Sustainability 50: Earth Day
Little did I know (long-haired rocker that I considered myself at the time), as I helped assemble public display panels on environmental issues on a campus quadrangle in the spring of 1970, that I was taking part in launching a sustainability event that would resonate around the globe ever more strongly 40 years on.
It took a Wisconsin Senator, disgusted with government inaction over a massive oil spill off the coast of California, with the assistance of a dedicated Harvard graduate student and a small group of volunteers in New York City, to crystallize the concept for the very first Earth Day.
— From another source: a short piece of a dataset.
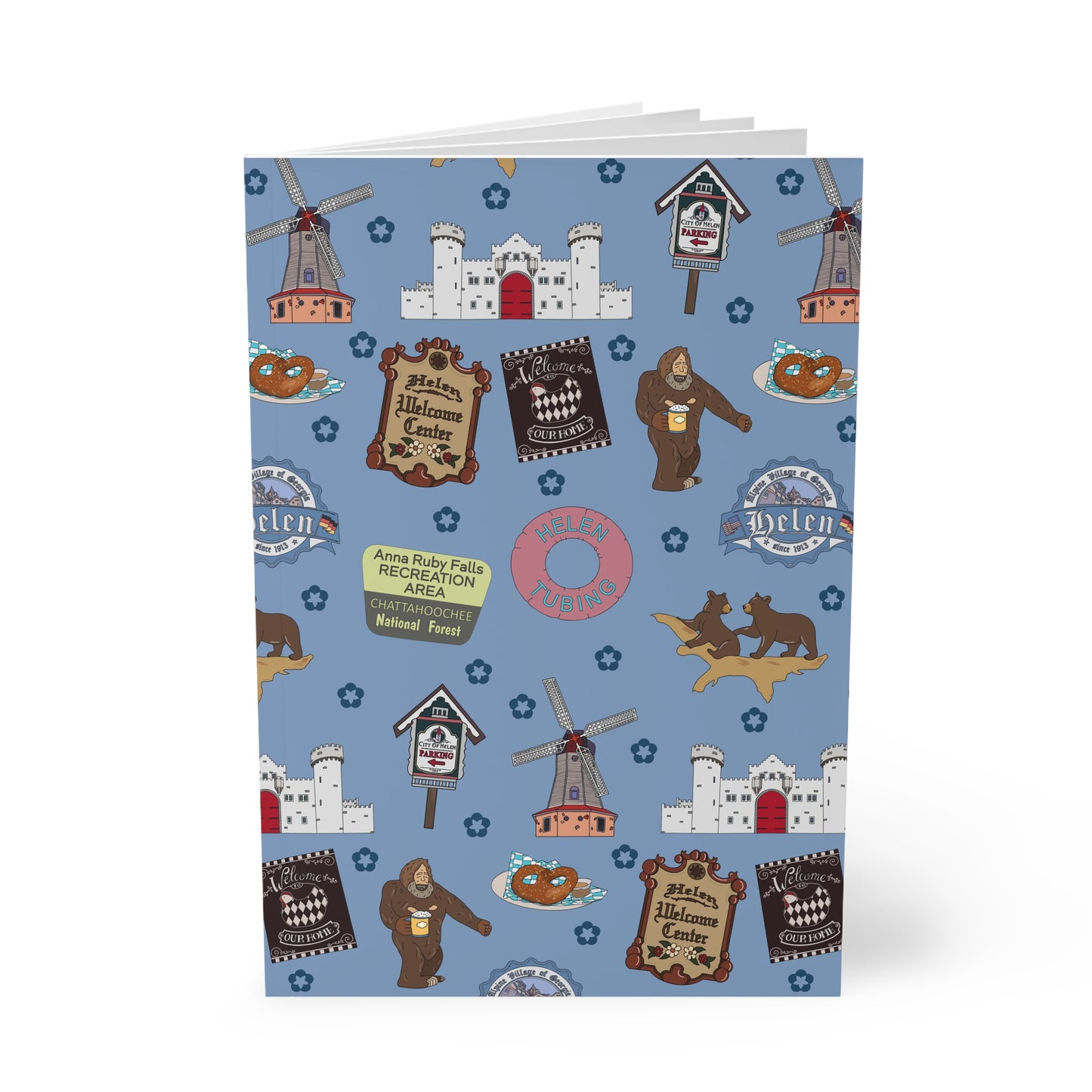 Paperback notebook with Helen, Georgia GA landmarks in blue 150 lined pages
Senator Gaylord Nelson, an early environmental activist, recognized the social consciousness raising effected by the various Vietnam War teach-ins of the late 1960s. He envisioned similar educational and public awareness campaigns on environmental issues at college campuses across the land.
Beginning in late 1969, he and other activists planned a nationwide (if not global) event for the following year. Bolstered by increasing media attention and growing volunteer efforts, Earth Day began to take shape. The New York Times announced the upcoming event; New York City Mayor Lindsay agreed to shut down 5th Avenue for it.
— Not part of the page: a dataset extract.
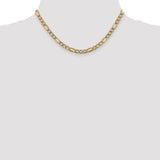 14k 5.25mm Semi-solid with Rhodium PavÃ© Figaro Chain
After an early dry run via the educational event Project Survival at Northwestern University in January of 1970, the first Earth Day took place simultaneously at thousands of U.S. colleges. Occurring on April 22, 1970, it involved an estimated 20 million Americans (including me and my display panels). The goal of preserving our precious blue marble galvanized all of those of us who had been fighting air and water pollution, industrial expansion, pesticides, sprawl, loss of wilderness, extinction of species, and environmental degradation.
Throughout its first 20 years, observance of Earth Day rippled outward from those first 20 million Americans to include over 200 million world citizens from more than 140 nations. By 2007, the influence of the event had wrapped even farther around our globe, involving an estimated 1 billion souls.
Denis Hayes (that 1970 Harvard graduate student) has since gone on to co-found Earth Day Network. That network — consisting of almost 20,000 agencies in 192 of the world’s countries — supports and promotes Earth Day observances around the planet, as well as a variety of other educational, political, social and cultural efforts geared toward environmentalism, conservation, sustainability and green principles.
Rather than on April 22nd, observance of Earth Day by the United Nations falls on the spring equinox (often March 20th). In the Southern Hemisphere, Earth Day is observed in the fall. Many locations around the globe celebrate an entire Earth Week, usually a period that culminates on April 22nd.